2.13. Parallelization with MPI

Particularly with larger simulation times and system sizes, complex calculations are computationally intensive. In order to keep the actual simulation time manageable, tkwant is parallelized with the Message Passing Interface (MPI). With MPI, tkwant can run it in parallel, e.g. on the local computer or on a cluster.

Parallel programming and in particular MPI is a vast subjet and the following tutorial cannot explain these techniques here, but we refer to dedicated material which can be found in the web. This tutorial will explain however the very basic concept which is sufficient to run tkwant simulations in parallel without having a deeper knowledge in MPI. This is possible since compute-intensive routines are natively MPI parallelized in tkwant, such that only minor changes to a simulation script are required. We will explain them in the following.

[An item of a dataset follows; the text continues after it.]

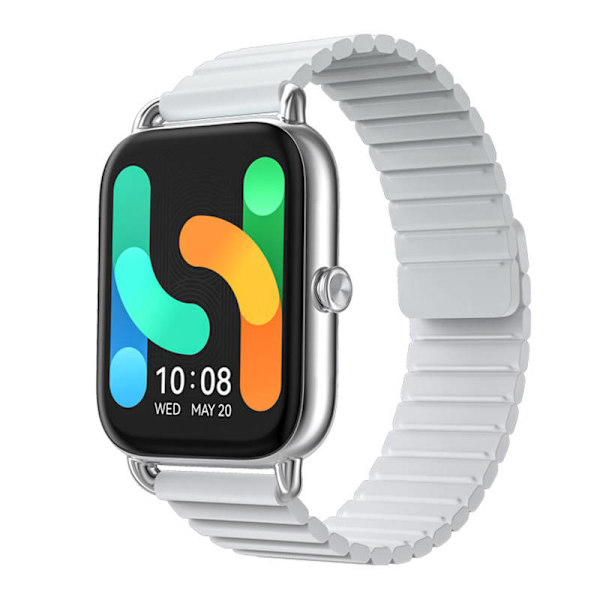 Smartklocka Haylou RS4 Plus (silver)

2.13.1. Running code in parallel with MPI

As an example, let us focus on the tkwant example script fabry_perot.py. To execute this script on 8 cores, the scripts must be called with the following command:

mpirun -n 8 python3 fabry_perot.py

Calling the script with:

python3 fabry_perot.py

will run it in standard serial mode.

2.13.2. Enabling output only from the MPI root rank

Running a script with the prefix mpirun -n x will execute the entire script x times. While tkwant is designed to benefit from this parallelization, any output in the script as printing, plotting or writing to a file will be also repeated x times. This is unpractical, as e.g. a print() call in the simulation script will print some information x times instead of only once. Moreover, not all of the x parallel runs are equivalent, but the result of a calculations from the tkwant solvers is returned by default only on one MPI rank, the so-called master or root rank, which has the rank index 0. It is sufficient however to add a few additional lines of code, in order to redirect all plotting and printing to the MPI root rank, such that both serial and parallel execution will lead to the same result.

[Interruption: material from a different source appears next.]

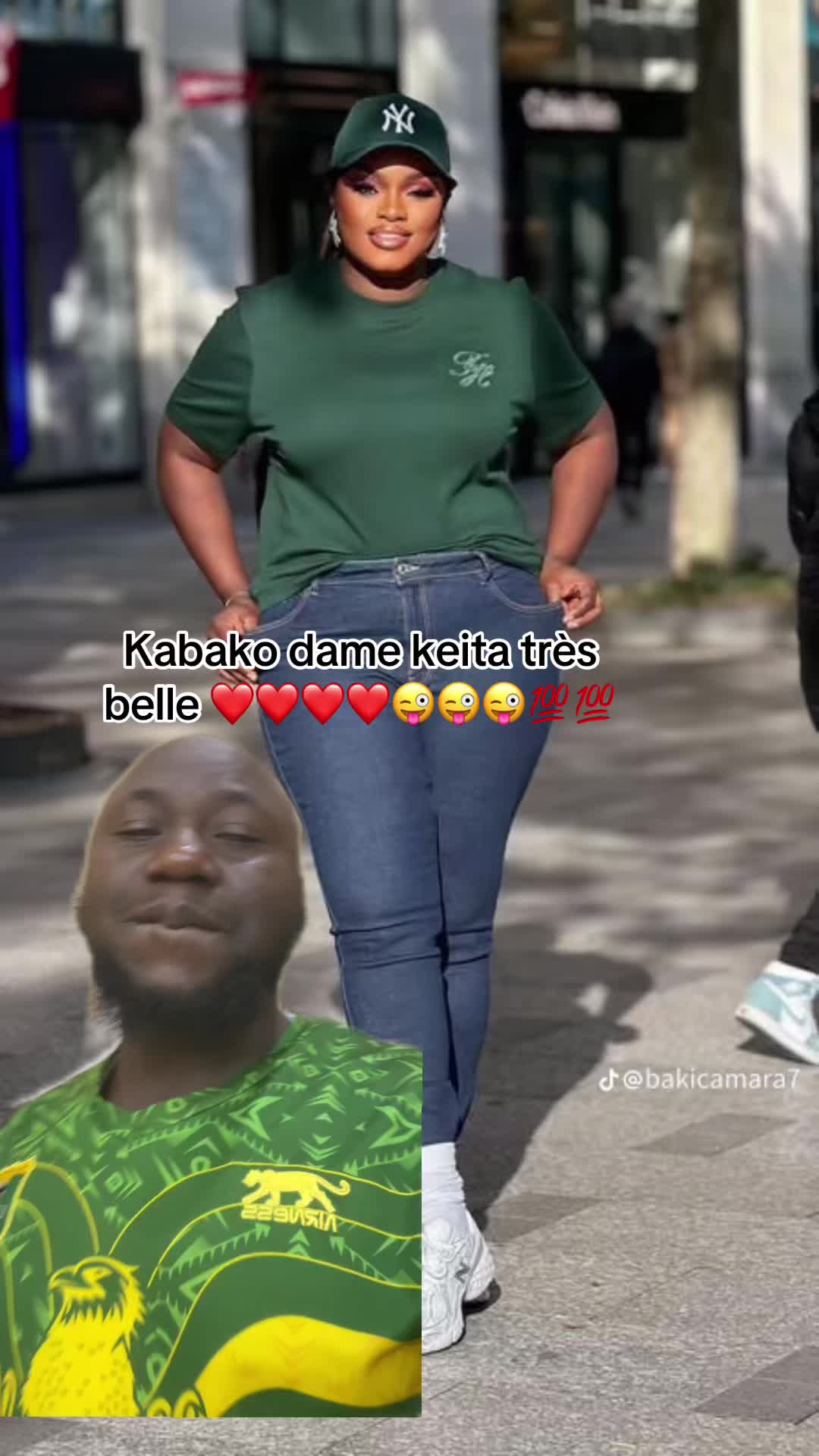 @Bougouzi&eacute; Tangara Officiel 🤫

As an example, we look again at the script fabry_perot.py. In this script, a few additional lines of code redirect all plotting and printing to the MPI root rank. For plotting and saving the result, the following block of code can be used:

import tkwant

comm = tkwant.mpi.get_communicator()
def am_master():
    return comm.rank == 0

# do the actual tkwant calculation

if am_master():
    # plot or save result
    pass

Quite similar, printing a message only by the master rank is possible by the following lines of code:

import sys

def print_master(*args, **kwargs):
    if am_master():
        print(*args, **kwargs)
    sys.stdout.flush()

print_master('this message is printed only by the master rank')
this message is printed only by the master rank

Note the flush command to prevent buffering of the messages.

2.13.3. MPI communicator

The following information is not relevant for tkwant users, but inteded for tkwant developers working with MPI. Tkwant initializes automatically the MPI communicator, if needed. To uses MPI, the function mpi.get_communicator() returns tkwant’s global MPI communicator which is used by all routines by default:

import tkwant

comm = tkwant.mpi.get_communicator()
print('rank={}, size={}'.format(comm.rank, comm.size))
rank=0, size=1

comm is basically a copy of the MPI COMM_WORLD communicator.

If tkwant should be used as an external library with a different MPI communicator, the routine mpi.communicator_init() allows to change the default communicator:

import tkwant
from mpi4py import MPI

my_comm = MPI.COMM_WORLD
tkwant.mpi.communicator_init(my_comm)
WARNING:tkwant.mpi:56:rank=0: tkwant MPI communicator cannot be reinitialized.

Note that the MPI communicator must be set after importing the tkwant module and before executing any tkwant code.

2.13.4. Multi-threading

Tkwant does not support multi-threading as OpenMP. The environment variable OMP_NUM_THREADS must be set to one:

export OMP_NUM_THREADS=1

2.13.5. Examples

The example scripts fabry_perot.py and voltage_raise.py can both be executed in parallel using MPI.